Simon Brett was awarded the OBE in the New Year's Honours for services to literature, the latest honour in a career that has been as busy as it has been distinguished. Only last year, he received the highest award in British crime writing, the CWA Diamond Dagger, recognising a career of sustained achievement.
Simon was educated at Dulwich College (as were such other writers as A.E.W. Mason, P.G. Wodehouse, and, improbably, Raymond Chandler) and Oxford, and after that he enjoyed success as a radio producer with the BBC and also as a writer for radio. His series After Henry transferred successfully to television. At its peak, the show attracted over 14 million viewers, a figure that would be beyond the dreams of TV writers today.
His first detective novel, the splendidly titled Cast in Order of Disappearance, was published as long ago as 1975 (he was very young when he wrote it!) and introduced Charles Paris, the actor and amateur sleuth who is perhaps his best loved character. He's now been responsible for no fewer than four distinct crime series. I'm also a fan of his stand-along novels, such as A Shock to the System, which was filmed with Michael Caine in the lead role, and Dead Romantic.
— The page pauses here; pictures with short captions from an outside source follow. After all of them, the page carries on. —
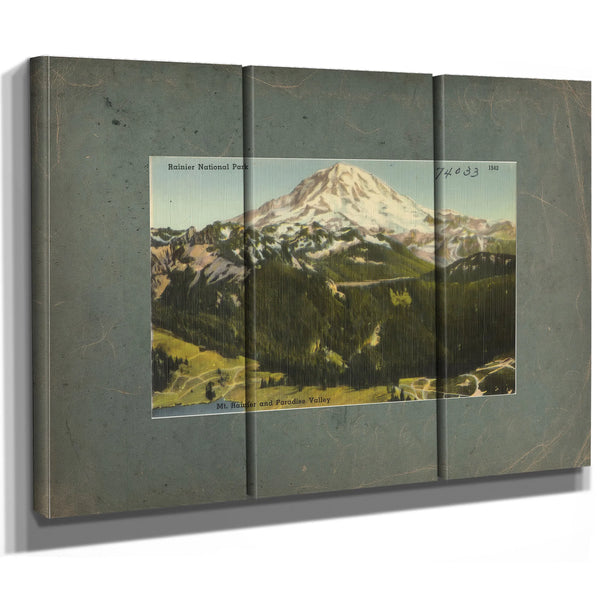 Rainier National Park Mt Rainier And Paradise Valley Washington'1 — vintage wall art by Bella Frye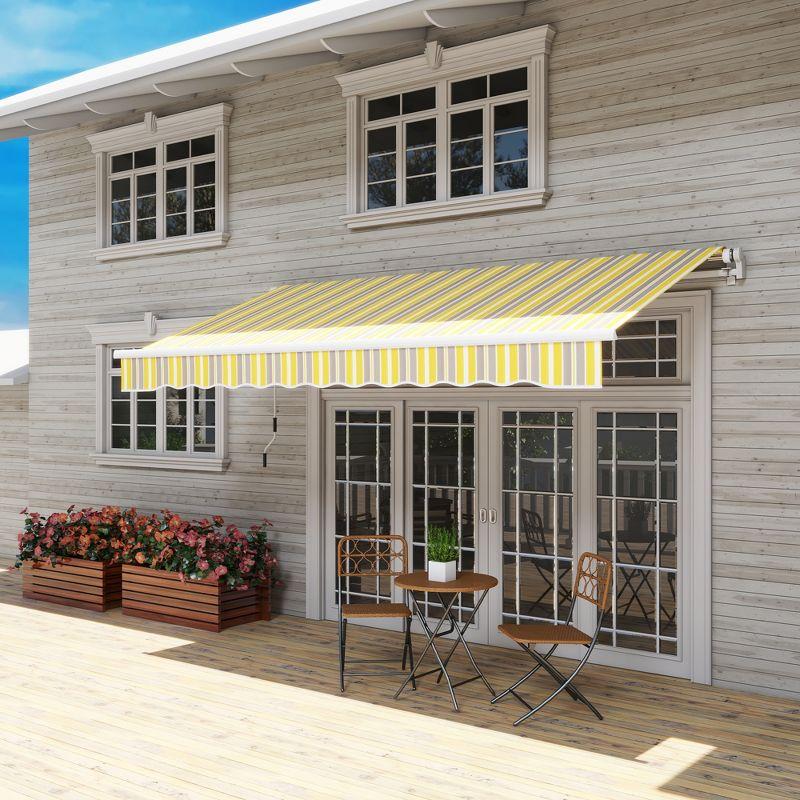 Outsunny 2'' Polyester Beige Cover Retractable Patio Awning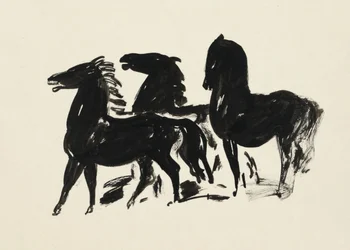 Drei schwarze Pferde, die nach links gewandt dastehen (1935-1936), Zeichnung in hoher Auflösung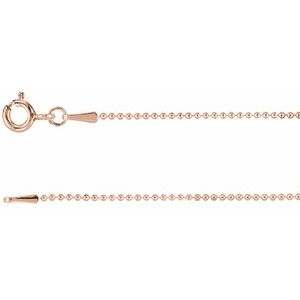 14K Rose 1 mm Hollow Bead 16" Chain CH435:10006:P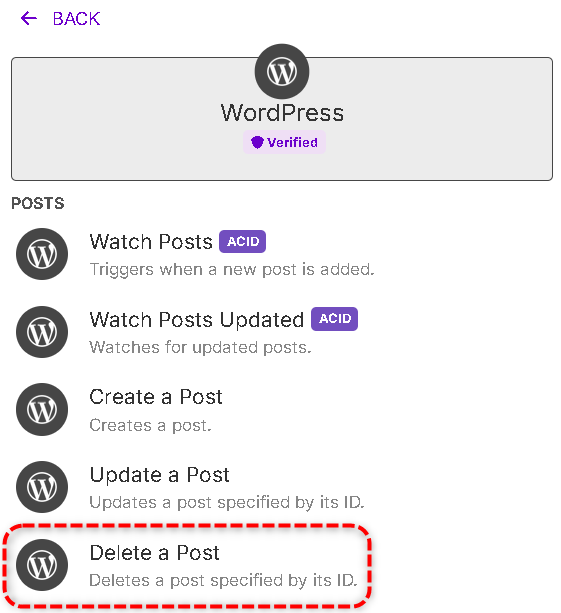 WordpressからDelete a Postモジュールを選択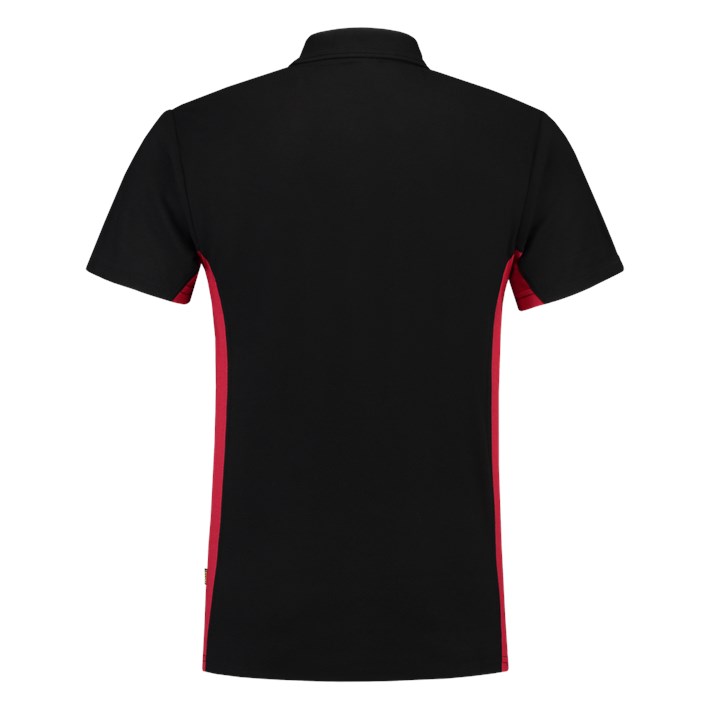 Poloshirt Bicolor Borstzak Blackred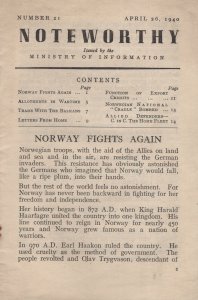 Norway Fights Again 1940 Army WW2 Hitler Ministry Of Information Book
Simon is a witty and popular speaker. I first heard him speak at a writers' circle seminar in Southport in the late 80s, before I'd published a word of crime fiction, and I was too bashful to introduce myself. Little did I imagine that one day - it was last June - he and I would be chatting together on stage at the British Library, where he gave a terrific reading of "Agatha Christie's will", He's been an excellent President of the Detection Club for the past fourteen years - the toughest of acts to follow, it has to be said - and has masterminded the Club's round-robin novel The Sinking Admiral. His many friends and fans will be delighted by this latest recognition of his accomplishments.